Agreed, beautiful imagery, I was there, you sent me, Thank you. Gimme more!


----------



## escorial (Sep 6, 2014)

saucy dude..liked


----------



## AnnePrice (Sep 6, 2014)

Nice...makes me want to feel a breeze myself.


----------



## Firemajic (Sep 6, 2014)

I have a slight problem with the word "clambering"  In the 3rd line. This makes her sound clumsy, and the rest of the poem sounds so elegant...  Peace...Jul


----------



## gokedik (Sep 6, 2014)

Firebird said:


> In the distance,
> I saw love
> clambering out of the water -
> her clothes
> ...


I had to post because I saw someone criticizing, not critiquing. This poem takes me there, I see a stormy shore and a renaissance style woman standing on the jetty with her long, curly hair blowing in the wind. Get over the semantics. Let your mind go, follow the visual, this is a WONDERFUL poem. I don't get jealous but see it more of a catalyst but if I was jealous, this would be the poem. Down to the period,FANTASTIC piece. CHEERS, MATE.


----------



## Firemajic (Sep 6, 2014)

Firebird--In no way was I criticizing your lovely,elegant poem...I am never offended when anyone makes a thoughtful suggestion about my work, and I hope you feel the same way, this Forum is all about sharing ideas and thoughts , and hopefully becoming better writers. I enjoyed reading your work.  Peace...Jul


----------



## Firebird (Sep 6, 2014)

I'm just about to put my four year old to bed. But I just wanted you to let you know that no offence is taken. I'll come back to this and give my thoughts later tonight (I'm in the uk).

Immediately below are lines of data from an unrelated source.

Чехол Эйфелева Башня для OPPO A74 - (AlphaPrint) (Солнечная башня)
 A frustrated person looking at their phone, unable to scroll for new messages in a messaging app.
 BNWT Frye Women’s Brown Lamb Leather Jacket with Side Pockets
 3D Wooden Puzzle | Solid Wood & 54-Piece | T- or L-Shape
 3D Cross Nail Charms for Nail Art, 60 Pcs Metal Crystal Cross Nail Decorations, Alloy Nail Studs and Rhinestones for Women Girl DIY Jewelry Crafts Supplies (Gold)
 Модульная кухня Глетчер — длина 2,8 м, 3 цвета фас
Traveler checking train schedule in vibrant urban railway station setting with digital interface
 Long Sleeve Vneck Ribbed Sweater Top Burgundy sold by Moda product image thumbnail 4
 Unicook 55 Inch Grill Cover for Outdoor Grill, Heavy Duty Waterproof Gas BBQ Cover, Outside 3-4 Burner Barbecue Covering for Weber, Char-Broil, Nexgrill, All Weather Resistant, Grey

many thanks for all the reads and likes.

firebird


----------



## Firebird (Sep 6, 2014)

The word 'clamber' is appropriate in my opinion because I wanted give the impression it was a struggle for 'love' to leave the water, because her clothes were dragging her back in. There wasn't meant to be anything graceful about this event. 

Again, many thanks for all your comments and likes. 

Cheers,

Firebird (not offended at all)

PS. Gokedik, thanks for your very high compliment. It's much appreciated.


----------



## Firemajic (Sep 6, 2014)

OHHHH now I get it! You are right--"clambered" is perfection-- here. Elegance restored! Thanks.  Peace...Jul


----------



## E. Zamora (Sep 6, 2014)

Firemajic said:


> Firebird--In no way was I criticizing your lovely,elegant poem...I am never offended when anyone makes a thoughtful suggestion about my work, and I hope you feel the same way, this Forum is all about sharing ideas and thoughts , and hopefully becoming better writers. I enjoyed reading your work.  Peace...Jul



Absolutely. Your comment was appropriate and totally within the boundaries of constructive critique. The day that we all hold back on honest opinion offered respectfully is the day this forum becomes useless to people who want to become better poets.

Cheers,

Esteban


----------



## E. Zamora (Sep 6, 2014)

I like the poem. Good idea and nice imagery.

Cheers,

Esteban


----------



## Blade (Sep 7, 2014)

Firebird said:


> The word 'clamber' is appropriate in my opinion because I wanted give the impression it was a struggle for 'love' to leave the water, because her clothes were dragging her back in. There wasn't meant to be anything graceful about this event.



The word stuck me on first read as it is one rarely encountered. It works excellently here as it sounds like what it is meant to mean, rather heavy and awkward. A rare opportunity for using an offbeat word perfectly.:eagerness:


----------